## Available records:
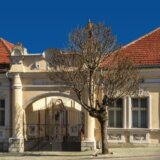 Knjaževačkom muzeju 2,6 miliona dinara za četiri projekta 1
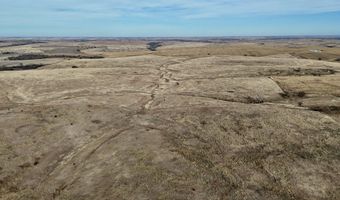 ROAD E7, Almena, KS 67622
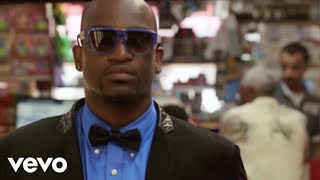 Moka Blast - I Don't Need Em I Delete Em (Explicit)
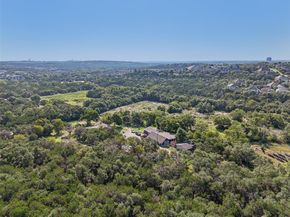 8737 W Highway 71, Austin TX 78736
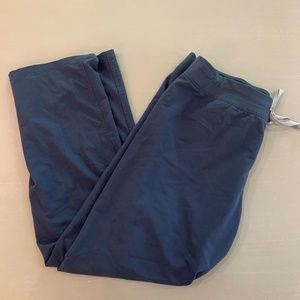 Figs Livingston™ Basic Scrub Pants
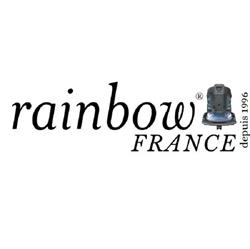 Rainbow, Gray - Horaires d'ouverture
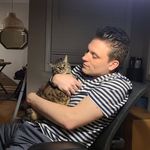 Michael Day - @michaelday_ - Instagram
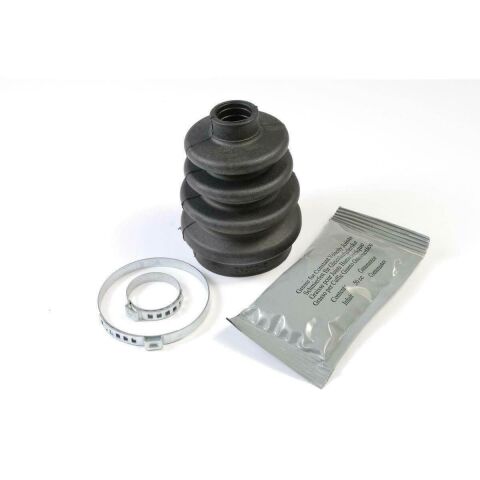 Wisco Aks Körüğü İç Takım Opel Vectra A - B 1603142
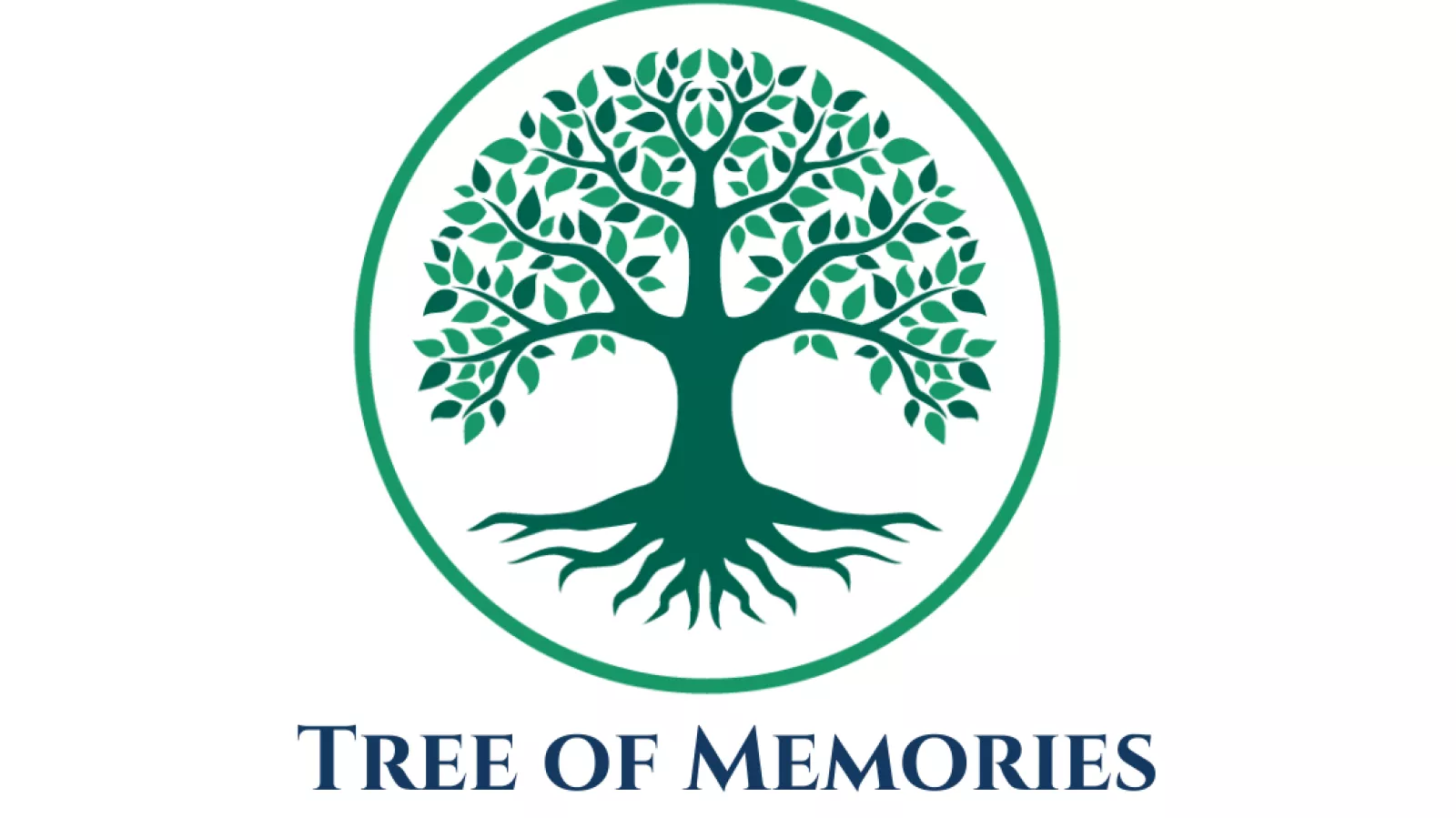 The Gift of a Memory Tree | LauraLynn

## Exercise requirements:
Repeat the records above word for word, apart from the pictures.

## Written solution:
 Knjaževačkom muzeju 2,6 miliona dinara za četiri projekta 1
 ROAD E7, Almena, KS 67622
 Moka Blast - I Don't Need Em I Delete Em (Explicit)
 8737 W Highway 71, Austin TX 78736
 Figs Livingston™ Basic Scrub Pants
 Rainbow, Gray - Horaires d'ouverture
 Michael Day - @michaelday_ - Instagram
 Wisco Aks Körüğü İç Takım Opel Vectra A - B 1603142
 The Gift of a Memory Tree | LauraLynn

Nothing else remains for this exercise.